Inspired by Carlo Collodi’s The Adventures of Pinocchio, and like Swiss Family Robinson meets Wall-E, In the Lives of Puppets is a masterful stand-alone fantasy adventure from the beloved author who brought you The House in the Cerulean Sea and Under the Whispering Door.
***Thank you to Tor Books for providing an advanced copy of the book via NetGalley. My review contains my honest thoughts about my reading experience.***
Surprising no one, I absolutely adored this book. If you’ve enjoyed Klune’s previous work, you will likely enjoy this story too. It had the whimsy of The House in the Cerulean Sea, the existential musings of Under the Whispering Door, and a sprinkle of the sexual humor seen in The Extraordinaries. The story and characters were full of heart and a joy to read, even in the parts that made me incredibly sad. Despite being bleak at times, a thread of hope in the form of connection weaves its way through everything that happens. I laughed. I cried. I felt awe and anxiety.
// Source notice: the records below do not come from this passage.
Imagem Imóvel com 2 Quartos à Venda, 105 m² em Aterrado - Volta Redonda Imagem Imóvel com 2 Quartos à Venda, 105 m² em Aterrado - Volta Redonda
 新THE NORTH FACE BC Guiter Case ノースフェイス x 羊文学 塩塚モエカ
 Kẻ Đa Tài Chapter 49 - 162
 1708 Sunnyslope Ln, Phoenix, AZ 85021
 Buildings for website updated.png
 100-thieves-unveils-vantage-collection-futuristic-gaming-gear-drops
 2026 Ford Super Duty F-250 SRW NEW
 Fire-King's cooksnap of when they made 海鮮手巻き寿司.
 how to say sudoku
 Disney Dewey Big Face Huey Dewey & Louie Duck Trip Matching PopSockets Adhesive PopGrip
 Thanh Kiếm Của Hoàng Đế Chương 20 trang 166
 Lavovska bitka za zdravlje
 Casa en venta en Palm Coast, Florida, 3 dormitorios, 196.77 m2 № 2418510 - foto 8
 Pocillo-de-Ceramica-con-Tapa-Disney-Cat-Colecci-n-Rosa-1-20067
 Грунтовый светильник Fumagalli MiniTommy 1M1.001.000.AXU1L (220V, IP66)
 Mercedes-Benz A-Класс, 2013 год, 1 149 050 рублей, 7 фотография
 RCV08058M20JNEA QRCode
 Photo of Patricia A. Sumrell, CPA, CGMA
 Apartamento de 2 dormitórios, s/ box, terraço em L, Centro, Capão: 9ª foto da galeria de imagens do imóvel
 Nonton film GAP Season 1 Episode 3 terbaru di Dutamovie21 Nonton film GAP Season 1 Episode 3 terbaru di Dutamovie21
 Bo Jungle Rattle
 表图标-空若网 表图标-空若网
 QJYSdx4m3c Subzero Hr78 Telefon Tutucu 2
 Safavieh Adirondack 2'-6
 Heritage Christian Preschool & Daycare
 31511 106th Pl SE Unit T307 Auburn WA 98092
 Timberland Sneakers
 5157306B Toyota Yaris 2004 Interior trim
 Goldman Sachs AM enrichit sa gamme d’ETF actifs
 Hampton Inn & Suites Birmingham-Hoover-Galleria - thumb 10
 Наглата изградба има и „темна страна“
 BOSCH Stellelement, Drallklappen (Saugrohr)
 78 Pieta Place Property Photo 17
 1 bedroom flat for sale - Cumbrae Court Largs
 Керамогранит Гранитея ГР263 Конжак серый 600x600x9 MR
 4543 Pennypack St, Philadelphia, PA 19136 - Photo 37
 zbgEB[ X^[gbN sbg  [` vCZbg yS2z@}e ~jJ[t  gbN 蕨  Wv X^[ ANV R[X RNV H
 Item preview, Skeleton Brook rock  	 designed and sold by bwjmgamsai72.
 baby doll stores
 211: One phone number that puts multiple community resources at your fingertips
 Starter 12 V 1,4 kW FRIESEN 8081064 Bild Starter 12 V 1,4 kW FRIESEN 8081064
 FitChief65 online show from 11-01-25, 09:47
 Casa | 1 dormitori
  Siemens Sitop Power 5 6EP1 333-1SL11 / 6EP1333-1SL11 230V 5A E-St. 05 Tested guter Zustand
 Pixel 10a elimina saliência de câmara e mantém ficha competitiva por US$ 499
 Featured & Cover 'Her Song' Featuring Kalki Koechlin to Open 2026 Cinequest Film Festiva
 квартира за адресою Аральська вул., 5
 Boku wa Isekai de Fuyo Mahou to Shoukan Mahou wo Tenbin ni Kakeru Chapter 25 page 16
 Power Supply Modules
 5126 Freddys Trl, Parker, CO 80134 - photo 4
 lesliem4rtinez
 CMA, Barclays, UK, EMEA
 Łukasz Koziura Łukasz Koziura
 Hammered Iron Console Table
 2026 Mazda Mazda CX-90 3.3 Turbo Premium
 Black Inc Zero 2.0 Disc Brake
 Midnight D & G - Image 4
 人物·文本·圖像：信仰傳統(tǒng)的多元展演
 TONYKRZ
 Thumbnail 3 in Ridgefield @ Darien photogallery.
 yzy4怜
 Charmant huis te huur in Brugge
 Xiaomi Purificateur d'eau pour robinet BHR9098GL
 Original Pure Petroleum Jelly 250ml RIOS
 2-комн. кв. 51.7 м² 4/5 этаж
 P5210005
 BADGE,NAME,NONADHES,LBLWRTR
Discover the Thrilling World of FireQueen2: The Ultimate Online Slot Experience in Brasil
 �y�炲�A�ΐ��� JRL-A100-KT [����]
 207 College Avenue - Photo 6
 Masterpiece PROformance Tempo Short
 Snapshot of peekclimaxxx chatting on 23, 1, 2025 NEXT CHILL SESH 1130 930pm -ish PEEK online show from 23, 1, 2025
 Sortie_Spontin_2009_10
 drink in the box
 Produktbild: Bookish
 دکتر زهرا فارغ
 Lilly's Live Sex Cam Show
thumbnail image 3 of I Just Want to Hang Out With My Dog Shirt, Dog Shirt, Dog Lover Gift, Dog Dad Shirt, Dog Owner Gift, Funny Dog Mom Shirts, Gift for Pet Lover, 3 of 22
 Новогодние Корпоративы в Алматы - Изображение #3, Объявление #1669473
The story put me through a wide range of feelings, as Klune’s stories usually do.
I love the found family trope, and no one does it quite like TJ Klune. He created such an odd mix of personalities for this story, and it was heartwarming to see them form such strong bonds. Connection is a major theme in much of Klune’s work, and this book utilized a combination of found family and fascinating science fiction elements to explore it in compelling ways. The plot and world-building were interesting, but the real draw was definitely the characters and their relationships. The story was largely divided into three parts: intro to the characters & world, the journey, and the final battle & its aftermath. At first, I thought it was just going to be a story about the relationship between Vic and Hap that explored the development of Hap’s humanity and his integration into their eccentric family. I would have honestly been happy with that, but, of course, Klune had to bring the pain, which then sent the family on a journey to save one of their own against all odds.
I immediately fell in love with the characters. Rambo, the chronically anxious roomba, has forever changed the way I will look at my vacuum robot. He was just so incredibly wholesome and hilariously naive that I dare anyone not to fall in love with him. Nurse Ratched was a sociopathic nurse droid with a killer sense of humor, literally. She had me laughing out loud at her morbid jokes and inappropriately timed sex talks. Vic was the heart, and only human, of the group. He was incredibly special and cared deeply for others. Gio was the father figure who raised Vic, but he had a huge secret and a lot to atone for in his past. Finally, there was Hap, the newcomer they found in the scrap heap. His relationship with Vic was a highlight of this book and the backbone of the story. The connection between them helped Hap become more and more human, and seeing that growth bit by bit was so beautiful.
Klune explored so many powerful themes and fascinating questions in this book. What does it mean to be human? Is it possible to do “bad” things for good reasons and still be “good?” Can I love someone for who they are now without forgiving wrongs from the past? The story presented growth as integral to the human experience and illustrated how connection is key to growth. It also delved into many other fascinating topics, including artificial intelligence, the impact of humans on the world, how to rebuild in the aftermath of loss and trauma, and the role of memory in identity formation, among others. There was a lot of deep stuff that really made me think, and it was all wrapped in a package of delightful fluff that I ate up.
Overall, there was never any doubt in my mind that I would love this book. I know this is a standalone, but I would really love to get more stories set in this world. There was so much left to explore, and the end was quite open. So, I’ll keep my fingers crossed for a sequel one day. Needless to say, this has automatically become a new favorite and gets 5 out of 5 stars.